(Web page caption snippets)
++++++++
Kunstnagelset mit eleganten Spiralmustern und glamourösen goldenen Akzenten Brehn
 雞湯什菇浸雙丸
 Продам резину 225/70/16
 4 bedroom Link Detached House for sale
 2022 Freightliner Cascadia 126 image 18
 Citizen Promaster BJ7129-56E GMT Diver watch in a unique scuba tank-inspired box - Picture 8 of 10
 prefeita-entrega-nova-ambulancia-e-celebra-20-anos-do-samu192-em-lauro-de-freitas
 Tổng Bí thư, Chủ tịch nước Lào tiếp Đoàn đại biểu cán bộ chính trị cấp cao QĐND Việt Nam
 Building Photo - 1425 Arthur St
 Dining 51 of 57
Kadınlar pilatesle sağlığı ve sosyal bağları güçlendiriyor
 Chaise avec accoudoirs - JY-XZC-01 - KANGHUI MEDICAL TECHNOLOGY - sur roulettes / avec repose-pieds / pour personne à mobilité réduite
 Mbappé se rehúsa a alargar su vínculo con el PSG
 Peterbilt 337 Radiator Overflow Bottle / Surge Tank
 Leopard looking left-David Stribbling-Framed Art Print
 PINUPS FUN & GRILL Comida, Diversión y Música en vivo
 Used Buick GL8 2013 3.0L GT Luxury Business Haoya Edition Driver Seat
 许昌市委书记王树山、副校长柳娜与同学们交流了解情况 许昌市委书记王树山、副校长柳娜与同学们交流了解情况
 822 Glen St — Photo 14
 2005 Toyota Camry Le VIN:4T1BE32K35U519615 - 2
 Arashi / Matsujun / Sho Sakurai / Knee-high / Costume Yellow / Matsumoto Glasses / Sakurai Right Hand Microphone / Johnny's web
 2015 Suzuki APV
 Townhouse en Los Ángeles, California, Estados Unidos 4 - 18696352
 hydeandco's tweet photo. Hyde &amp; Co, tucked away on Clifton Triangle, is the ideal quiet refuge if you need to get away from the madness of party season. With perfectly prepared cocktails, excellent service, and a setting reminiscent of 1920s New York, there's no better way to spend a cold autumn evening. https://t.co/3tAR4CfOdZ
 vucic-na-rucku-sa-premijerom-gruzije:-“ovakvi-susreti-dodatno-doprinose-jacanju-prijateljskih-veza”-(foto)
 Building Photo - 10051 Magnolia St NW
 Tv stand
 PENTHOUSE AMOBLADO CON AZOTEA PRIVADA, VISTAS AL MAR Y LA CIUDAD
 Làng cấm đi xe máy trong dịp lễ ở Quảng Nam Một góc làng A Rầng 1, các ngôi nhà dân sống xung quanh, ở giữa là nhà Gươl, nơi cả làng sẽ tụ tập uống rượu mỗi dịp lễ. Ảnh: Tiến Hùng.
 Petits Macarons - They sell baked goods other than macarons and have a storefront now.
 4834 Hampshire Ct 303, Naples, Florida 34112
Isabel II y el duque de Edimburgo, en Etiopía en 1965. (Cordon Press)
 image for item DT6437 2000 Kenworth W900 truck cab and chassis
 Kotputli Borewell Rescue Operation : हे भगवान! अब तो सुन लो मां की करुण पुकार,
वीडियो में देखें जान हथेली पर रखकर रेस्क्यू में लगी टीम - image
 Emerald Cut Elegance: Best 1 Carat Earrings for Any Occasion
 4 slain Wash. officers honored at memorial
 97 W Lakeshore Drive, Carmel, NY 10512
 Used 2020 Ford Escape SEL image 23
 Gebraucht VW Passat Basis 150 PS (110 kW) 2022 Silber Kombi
++++++++
■ **What is required**
Every line of the entries above that contains the word "Building" must be tallied, and the number alone reported.

■ **Task output**
2